After draining his glass in one long swallow, Shaw said, “I wish I could have gotten drunk tonight—” After a time he picked up Ate thread of the conversation again. “I watch them all. Daulton, because he spoke to her just before she left Charlbury. Wyatt, her host and therefore responsible for her. Aurore, who should have gotten her to that train safely, and didn’t. And let’s not forget Elizabeth Napier, so busily using Margaret’s death to throw herself at Simon again. Or her famous father, who is conspicuous by his absence. If Margaret hadn’t meant anything to him, he’d have come storming into Hildebrand’s office long before this, making political mileage out of his righteous anger. No, they’re all on my list, and I’m just waiting for a single mistake that might tell me which one is guilty.”

“You’ve left Mowbray out of your accounting.”

“No, I haven’t. He’s my last resort, if I’m wrong about the others.”

“Have you reached any conclusions yet?”

“No,” Shaw said, wincing as he moved too suddenly in his chair. “Except that Margaret’s death doesn’t seem to have left even the briefest mark on anybody’s life except mine. And possibly Thomas Napier’s, who knows?” He sighed heavily, shaking his head. “I don’t know whether I loved her or hated her, in the end. I might have killed her myself, if she’d hurt me again. Someone else did, and now I want to find him—or her.”

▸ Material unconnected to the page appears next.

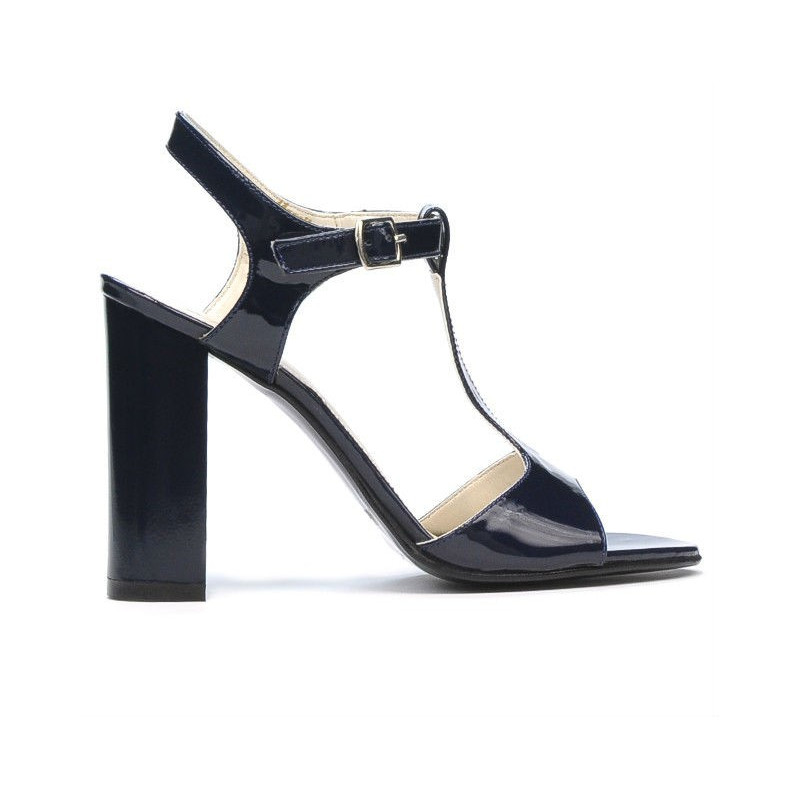 Women sandals 1258 patent indigo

“For vengeance? It doesn’t work out the way you think it might.”

“Doesn’t it?” Shaw said wryly. “If I discovered her killer tonight, I don’t know what I’d do about it. Turn him over to you. Or batter the life out of him myself. It doesn’t matter, I’m dead anyway. Still—it frightens me, not knowing how I’ll feel. When I loved her so much. That’s why I’m sober, Rutledge. I’m suddenly afraid to drink….”

20


It was the next morning when Rutledge finally ran Simon Wyatt to earth in the museum, shut the doors to the room he was working in, and said curtly, “Sit down.”

“I’ve got too much to do—”

Rutledge cut him short “The museum can wait. The opening can wait. I want to talk to you.”

Something in Rutledge’s voice broke through his wall of isolation. Simon reached for a chair that was filled with boxes, shoved them off the seat, pulled it to him, and sat down. “All right. Five minutes.”